The best-rated musical is back, and once again encompassing all the most incredible parts that theatre can offer. With a legendary cast and incomparable staging, Anything Goes is spectacular.
First shown in 1934, the expectation may be of a traditional piece, and while the score sometimes reflects this, there is no doubt that the production remains engaging for contemporary audiences. The humour displayed throughout plays a particular part in this, as it feels timeless and fitting. It follows the story of failed love affairs, with some bonkers methods of changing this course, all while being surrounded by whole cohort of sailors.
In a Manhattan bar, Elisha Whitney (played very comically by Simon Callow) is ordering Billy Crocker- an employee of his, taken on brilliantly by Samuel Edwards- to rearrange his finances. Shortly after this initial conversation, the stunning Rino Sweeney, played by the phenomenal Kerry Ellis, makes an entrance, and though opening the show by confessing her love during 'I Get a Kick Out of You', it is soon revealed that Billy's heart is elsewhere. Due to this, he forges his way onto the cruise liner where Hope Harcourt (gracefully played by Nicole-Lily Baisden) is residing, only to find bigger problems.
Despite being perhaps a little slow in areas, building the personalities of the characters is paramount for the plot. It is commendable to the piece for incorporating the ensemble parts into a variety of roles so each of the huge cast have their time.
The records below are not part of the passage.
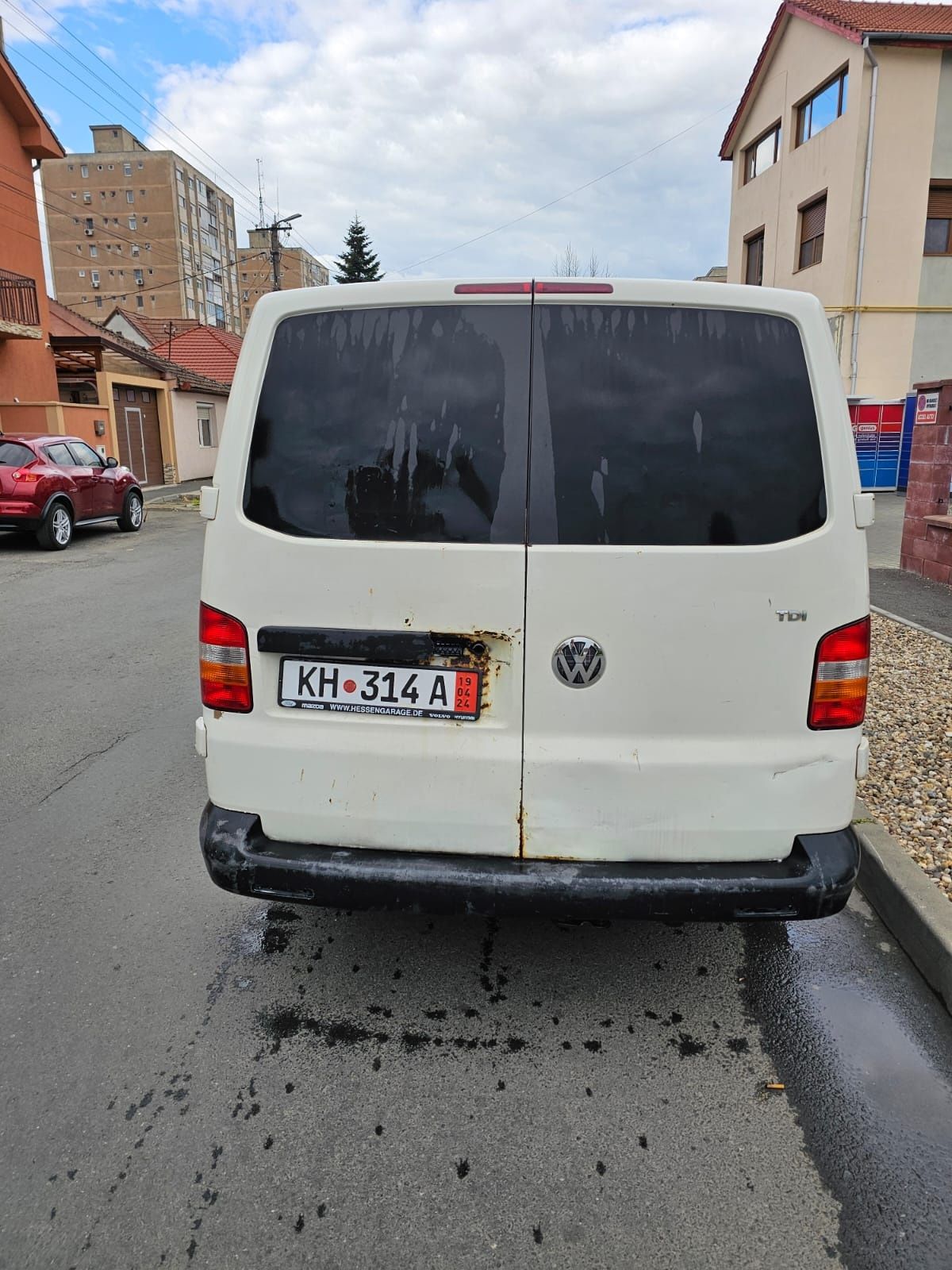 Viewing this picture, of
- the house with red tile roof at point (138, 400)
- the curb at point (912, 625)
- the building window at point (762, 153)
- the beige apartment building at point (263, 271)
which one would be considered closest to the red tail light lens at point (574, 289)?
the curb at point (912, 625)

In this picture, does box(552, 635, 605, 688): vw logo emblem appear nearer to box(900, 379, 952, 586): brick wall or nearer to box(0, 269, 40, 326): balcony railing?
box(900, 379, 952, 586): brick wall

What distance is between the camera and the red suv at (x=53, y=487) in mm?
13086

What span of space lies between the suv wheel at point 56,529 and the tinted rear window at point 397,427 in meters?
12.7

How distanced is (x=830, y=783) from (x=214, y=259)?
11467cm

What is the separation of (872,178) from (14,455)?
19962 mm

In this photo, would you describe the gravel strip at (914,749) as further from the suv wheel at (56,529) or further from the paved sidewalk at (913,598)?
the suv wheel at (56,529)

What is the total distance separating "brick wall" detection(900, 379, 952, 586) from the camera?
8891mm

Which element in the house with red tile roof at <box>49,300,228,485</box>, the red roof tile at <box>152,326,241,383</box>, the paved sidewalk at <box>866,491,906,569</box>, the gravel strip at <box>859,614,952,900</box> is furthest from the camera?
the red roof tile at <box>152,326,241,383</box>

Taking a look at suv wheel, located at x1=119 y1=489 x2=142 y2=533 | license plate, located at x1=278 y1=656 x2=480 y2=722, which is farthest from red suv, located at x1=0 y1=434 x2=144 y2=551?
license plate, located at x1=278 y1=656 x2=480 y2=722

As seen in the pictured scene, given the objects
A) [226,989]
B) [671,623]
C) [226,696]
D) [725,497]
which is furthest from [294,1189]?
[725,497]

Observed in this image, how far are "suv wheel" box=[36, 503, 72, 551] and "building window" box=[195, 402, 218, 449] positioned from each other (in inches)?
679

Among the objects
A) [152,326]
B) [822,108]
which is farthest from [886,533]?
[152,326]

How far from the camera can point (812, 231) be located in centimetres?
2277

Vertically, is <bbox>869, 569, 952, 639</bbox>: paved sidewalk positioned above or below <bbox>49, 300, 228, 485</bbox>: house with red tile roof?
below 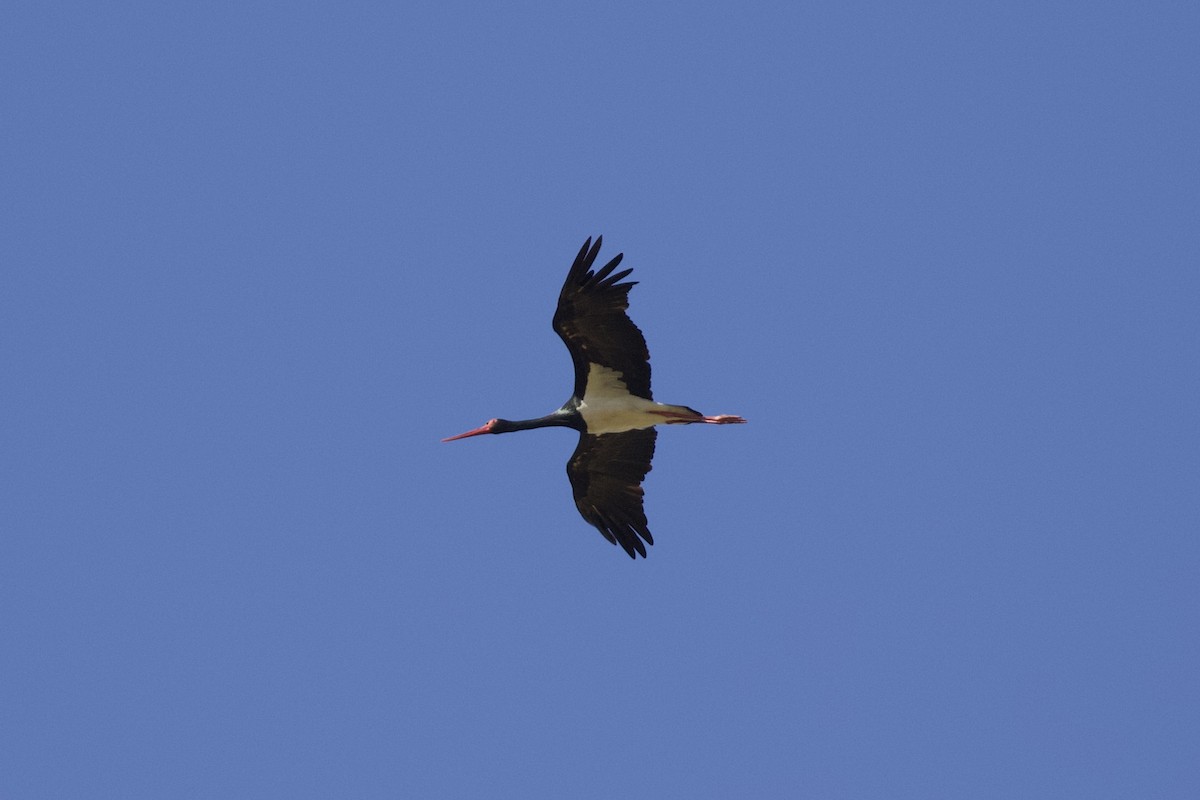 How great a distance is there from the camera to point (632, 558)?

Additionally, it is evident that throughout, every single one of them embodies talent, in both expression and characterisation, and brilliant vocals all round. Bonnie Langford makes her iconic arrival as Hope's somewhat gullible mother, to finish the line up.
Ballads such as 'It's De-lovely' sung by Billy and Hope are beautifully portrayed, particularly in conjunction with the stunning lighting usage, designed by Hugh Vanstone. This is also further noteworthy during a contrasting track, 'Friendship', whereby Reno and Moonface Martin- arguably the funniest character in the show, played by Denis Lawson- fight over the spotlight, breaking the fourth wall in the process. Other memorable elements of the score include 'You're the Top', 'The Gypsy in Me', (whereby Haydn Oakley, as Lord Evelyn Oakleigh shows his unorthodox side) and 'Buddie, Beware' in that Carly Mercedes Dyer gets to demonstrate her tones that don't get enough credit under her mildly irking accent during the rest of the production.
'Anything Goes' is remarkable, and unlike any other moment on stage elsewhere. The choreography for all the pieces are fantastic, but Kathleen Marshall, who also gives direction, shows off her expertise by creating a masterpiece: nothing could top the voices and tap routine presented as an ending to act one, and you have to be in the room to experience it. The atmosphere remains when 'Blow, Gabriel, Blow' brings more amazement to the second act, though it is clear that the majority of the narrative does happen in the first.
The costumes, designed by Jon Morrell, consistently excel with attraction, alongside the set, by Derek McLane, which impressively keeps the show dynamic, while mostly being aboard the ship. Parts like the cabins are initiated well and look brilliant, in addition to the night club scene, and various others.
In all, Anything Goes is a top-tier production with few faults. Get yourself there- you wouldn't want to miss the boat!